27th Sep 2016 10:17
LONDON (Alliance News) - Life sciences firm ValiRx PLC Tuesday reported a widened pretax loss for the first half of 2016 as it continued to progress its core compounds towards and through clinical trials.
ValiRx reported a pretax loss of GBP2.3 million for the half year to the end of June, compared to a pretax loss of GBP1.6 million the previous year. Revenue rose to GBP239,855 from GBP153,099.

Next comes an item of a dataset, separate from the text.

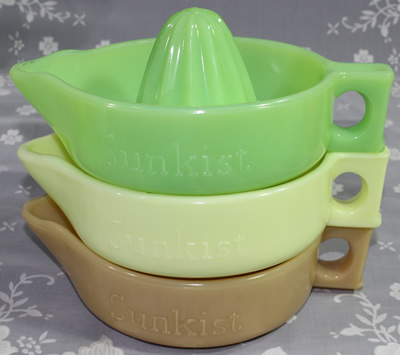 McKee Glass Company SUNKIST juicers - green (Jadeite) on seville yellow on dark caramel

During the half the company's lead compound VAL201 continued to perform well in phase I/II clinical trials in patients with hormone resistant prostate cancer. ValiRx also progressed with designing a trial for VAL201 in endometrioses and other endometrial conditions.
Meanwhile, VAL401 progressed towards the clinic, with the first submission in the regulatory approval process filed in the half. Since the end of the half year, full regulatory and ethics approval was given for a clinical trial site in Tbilisi, where it plans to test VAL401 as an oral treatment for late stage non-small cell lung adenocarcinoma.
ValiRx raised GBP1.2 million in placing following the half year end, and also inked a convertible loan facility, to help fund further progress in its pipeline.
"We are now well into the second half of the year and I am pleased that we have been able to sustain our momentum as we move towards exciting clinical developmental milestones and potential value inflection points as far as our VAL201, 301 and 401 therapeutic compounds are concerned. The funding recently secured provides a cash runway towards reaching these," said Non-Executive Chairman Oliver de Giorgio-Miller in a statement.
Shares in ValiRx were down 7.0% at 6.28 pence Tuesday morning.